### WORK INSTRUCTION
Copy each line of the records exactly, stopping only after the line that contains "1306, 25 Wildwoods Court SW" has been written, and leave pictures out.

### DATA PROVIDED
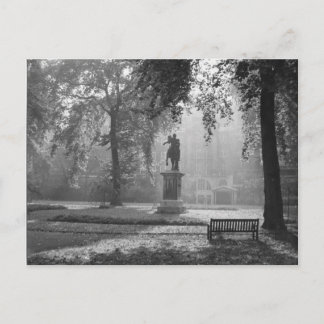 Postal Mañana Misteriosa En La Plaza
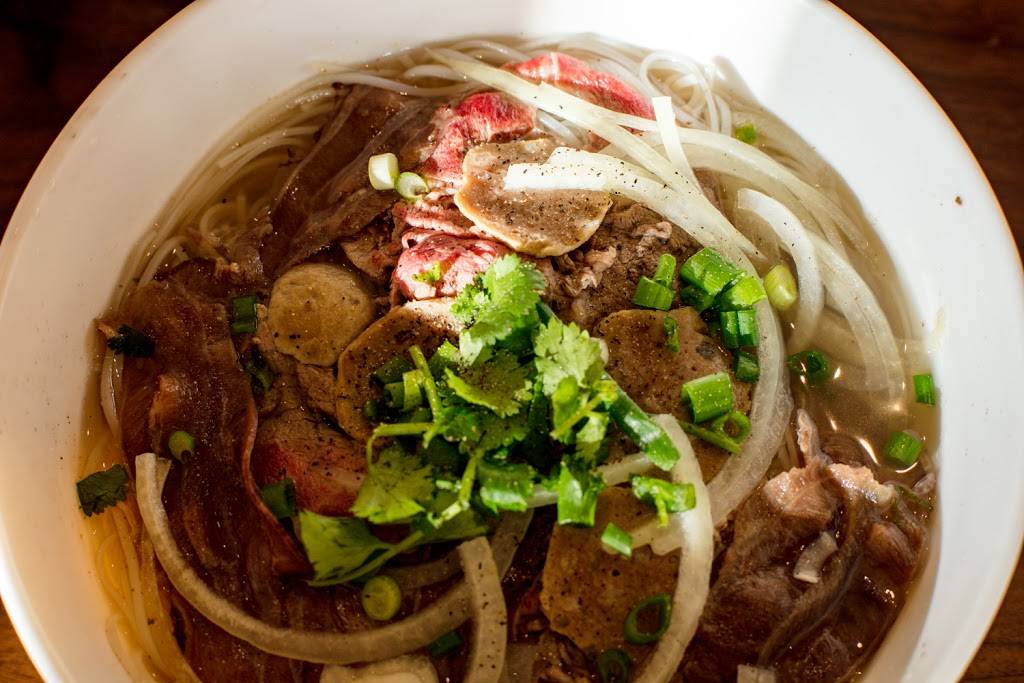 PHO HOUSE | restaurant | 23370 Eureka Rd, Taylor, MI 48180, USA | 7342588044 OR +1 734-258-8044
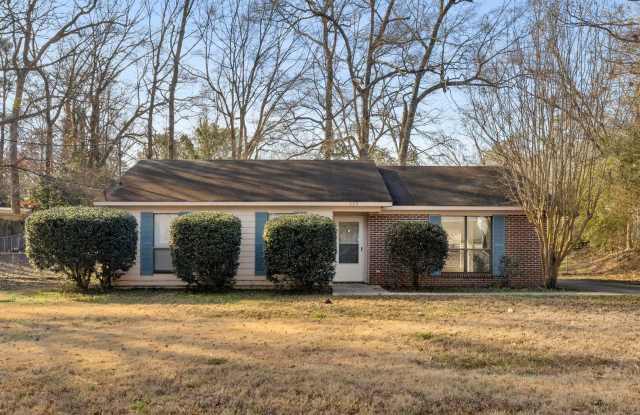 Single Family Home in Auburn - Prime Location! photos photos Single Family Home in Auburn - Prime Location! photos photos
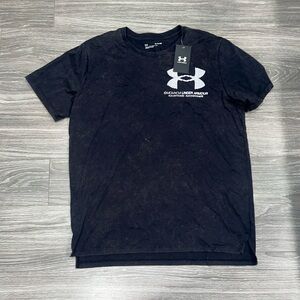 Under Armour run everywhere t-shirt. Size XL. NWT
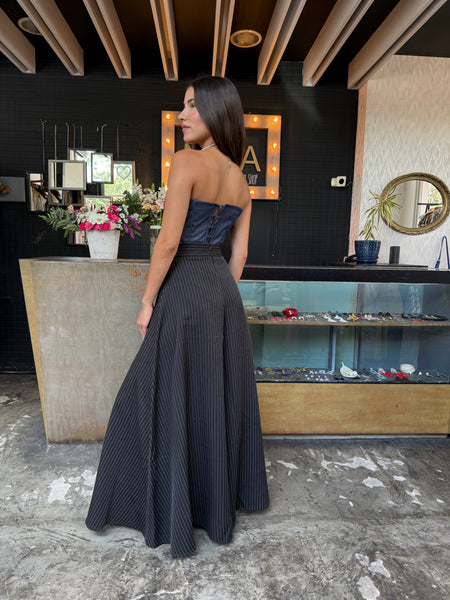 Pantalón negro con rayas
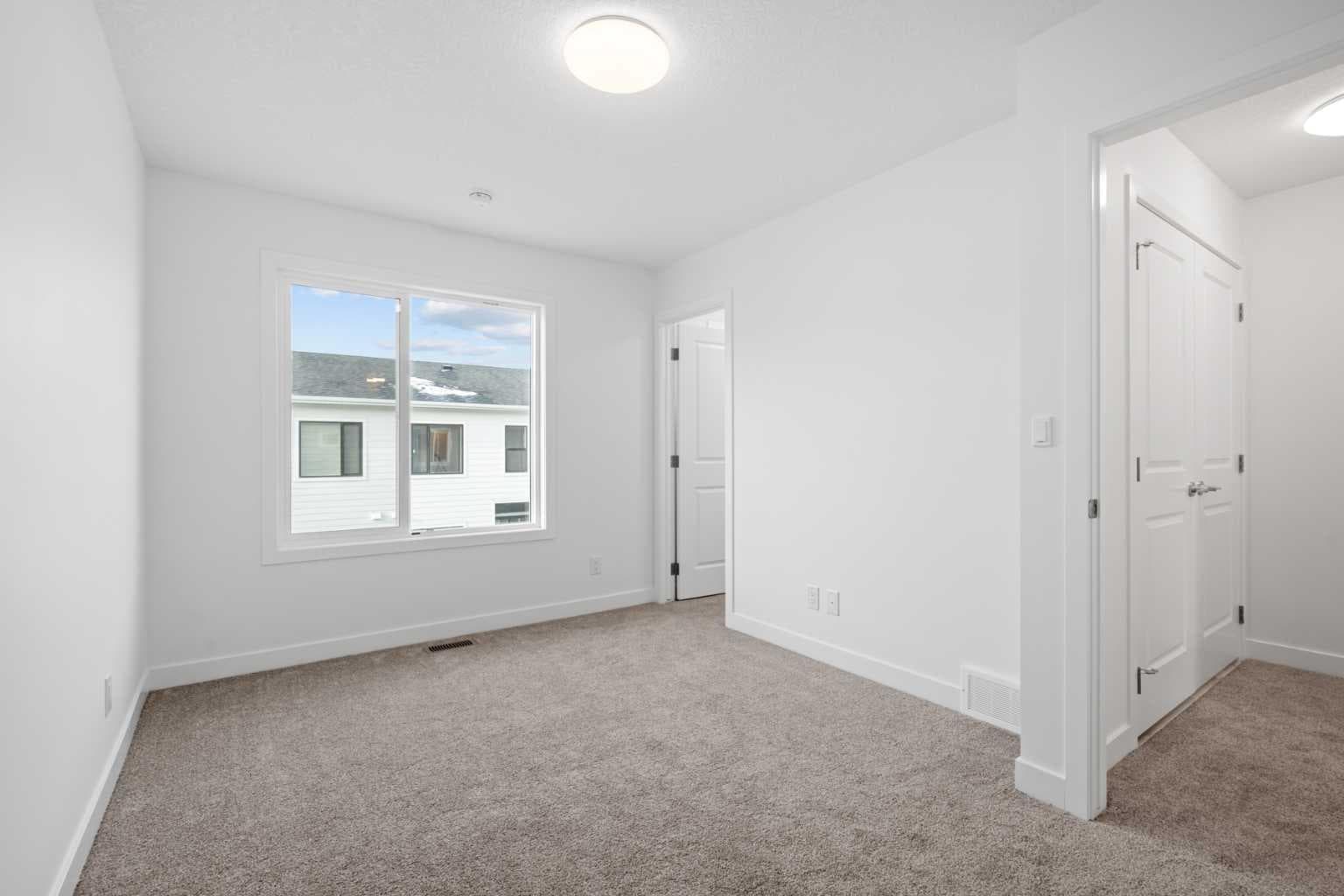 1306, 25 Wildwoods Court SW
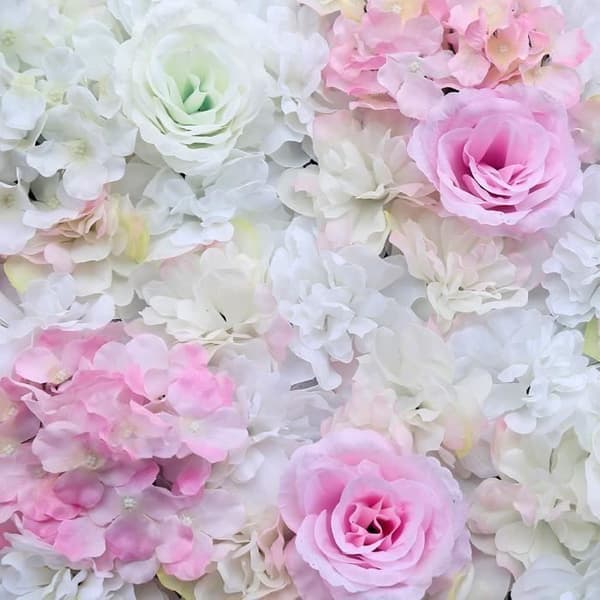 Konstgjord hortensia sidenrosa blomma bröllop vägg bakgrund rosa och vit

### ANSWER AREA
 Postal Mañana Misteriosa En La Plaza
 PHO HOUSE | restaurant | 23370 Eureka Rd, Taylor, MI 48180, USA | 7342588044 OR +1 734-258-8044
 Single Family Home in Auburn - Prime Location! photos photos Single Family Home in Auburn - Prime Location! photos photos
 Under Armour run everywhere t-shirt. Size XL. NWT
 Pantalón negro con rayas
 1306, 25 Wildwoods Court SW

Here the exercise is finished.